Question accordingly agreed to.

Clause read a Second time, and added to the Bill.

Mr. Peter Bottomley

On a point of order, Mr. Deputy Speaker. This is a brief point, which was dealt with at length in Committee, on the representations made by the United Kingdom Council for Overseas Student Affairs—representing British further and higher education institutions—on immigration advice and other technical points, and in relation to clauses 69 to 71 in the amended Bill and to clauses 63 to 65 in the unamended Bill. The only amendments tabled on Report directly affecting those clauses were one that was consequential on an earlier new clause, and one that was tabled by my right hon. and learned Friend the Member for North-East Bedfordshire (Sir N. Lyell). As those amendments are not likely to be debated, our further consideration of the Bill would be assisted if Ministers would supply a letter to UKCOSA on those higher education issues, if such a letter is outstanding.

Mr. Mike O'Brien

Further to that point of order, Mr. Deputy Speaker.

Mr. Deputy Speaker (Mr. Michael J. Martin)

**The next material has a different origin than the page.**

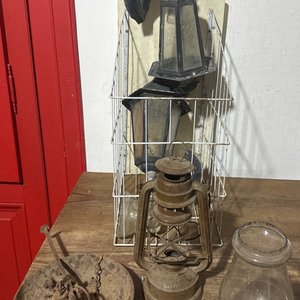 Lote siguiente: Lote de Faroles Antiguos y Recipiente de Vidrio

Order. The point of order was not a matter for the occupant of the Chair, and was therefore not a point of order. However, Ministers have undoubtedly heard the comments of the hon. Member for Worthing, West (Mr. Bottomley), and we shall leave it at that.

Mr. Bottomley

Further to that point of order, Mr. Deputy Speaker. We have had a substantial debate on new clause 6, and now have two and a half hours for the Bill's remaining stages. Not many matters other than Government amendments will be dealt with, so if the Minister were able to respond to the point, perhaps outside the Chamber, it would be much appreciated.

Mr. Deputy Speaker

Order. What the Minister does outside the Chamber is entirely a matter for him, but I do not want him to respond to the point here.